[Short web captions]
= = = = =
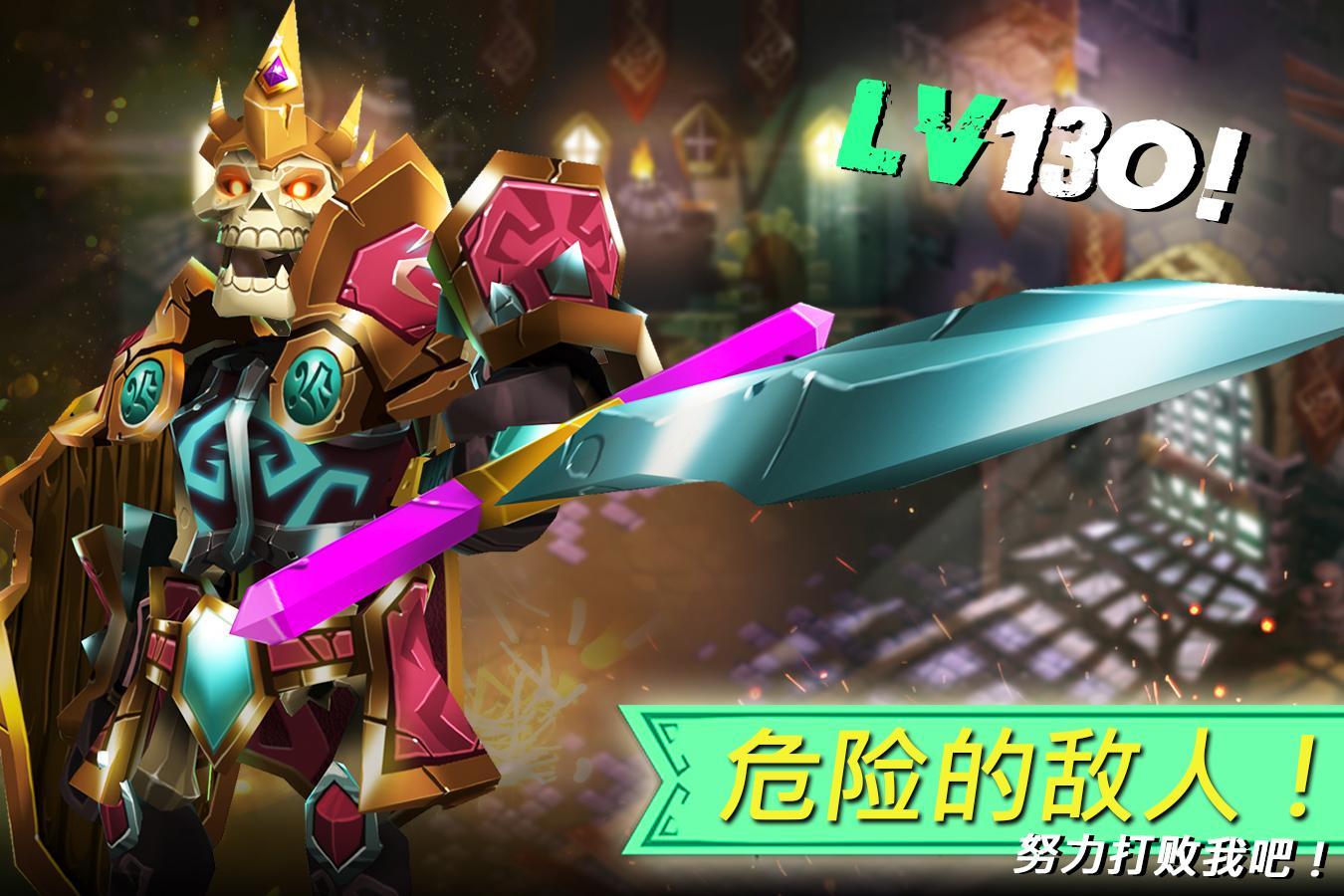 Dungeon Legends: Skeleton King Game Screenshot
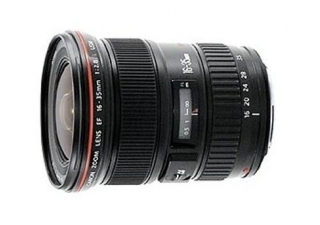 CANON objectif photo EF 16-35mm f/2.8L USM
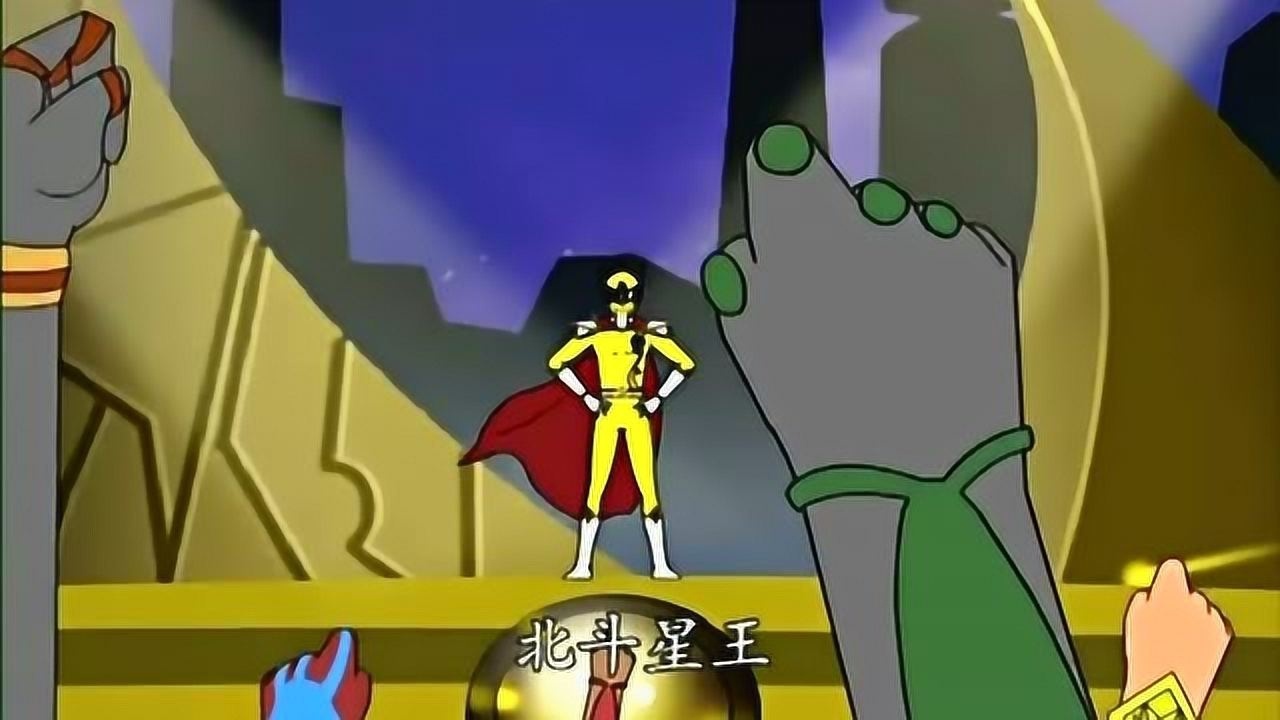 《神兽金刚》 北斗星王vs黑暗大帝
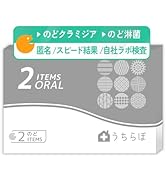 Amazon | 性病検査キット 男性:13項目（尿＆のど検査）クラミジア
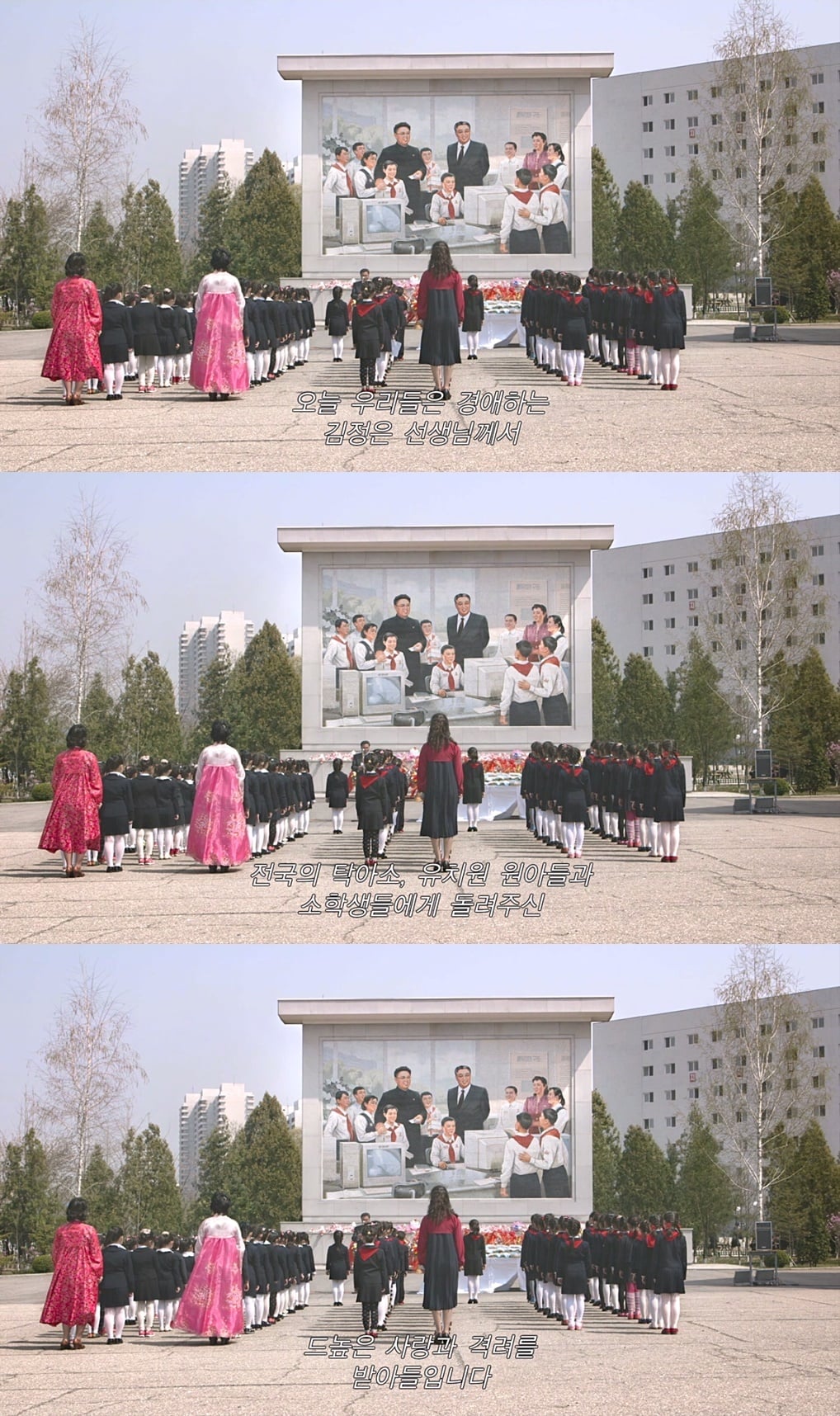 북한의 현실을 폭로한 다큐멘터리 영화 태양 아래 2(마지막 편) | 인스티즈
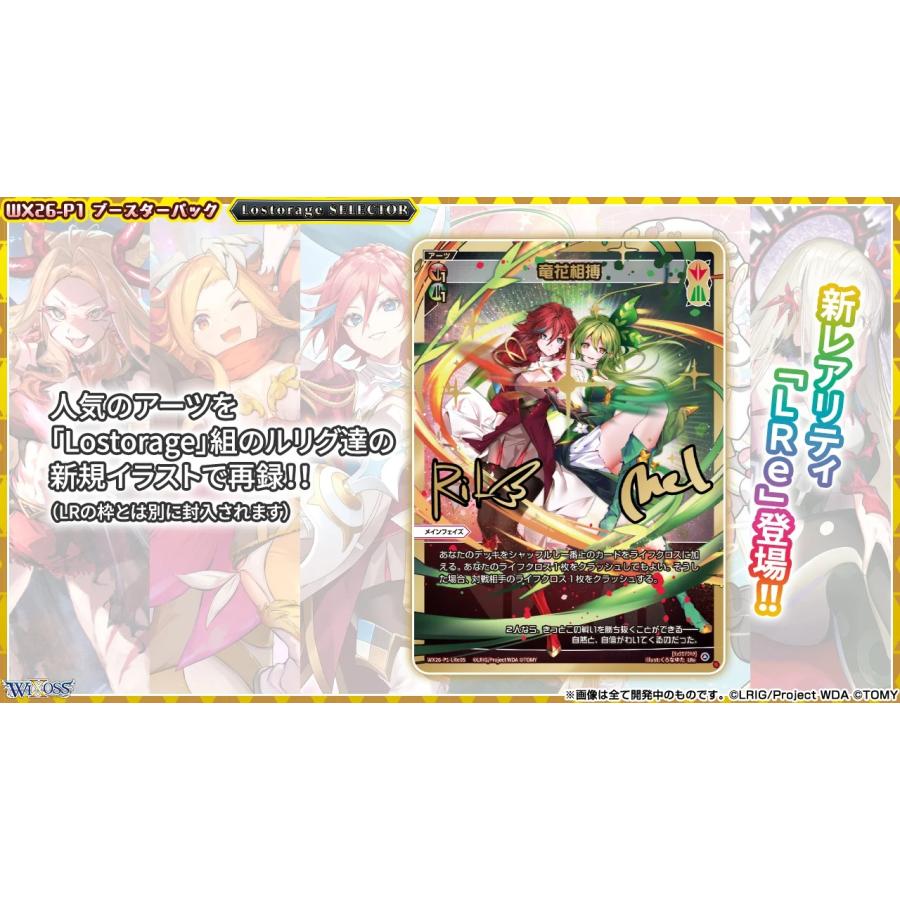 タカラトミー（TAKARA TOMY） ウィクロスTCG ブースターパック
= = = = =
PROBLEM TO WORK ON:
When you reproduce the data shown above, keep each line exact and omit every picture.

ANSWER BOX:
 Dungeon Legends: Skeleton King Game Screenshot
 CANON objectif photo EF 16-35mm f/2.8L USM
 《神兽金刚》 北斗星王vs黑暗大帝
 Amazon | 性病検査キット 男性:13項目（尿＆のど検査）クラミジア
 북한의 현실을 폭로한 다큐멘터리 영화 태양 아래 2(마지막 편) | 인스티즈
 タカラトミー（TAKARA TOMY） ウィクロスTCG ブースターパック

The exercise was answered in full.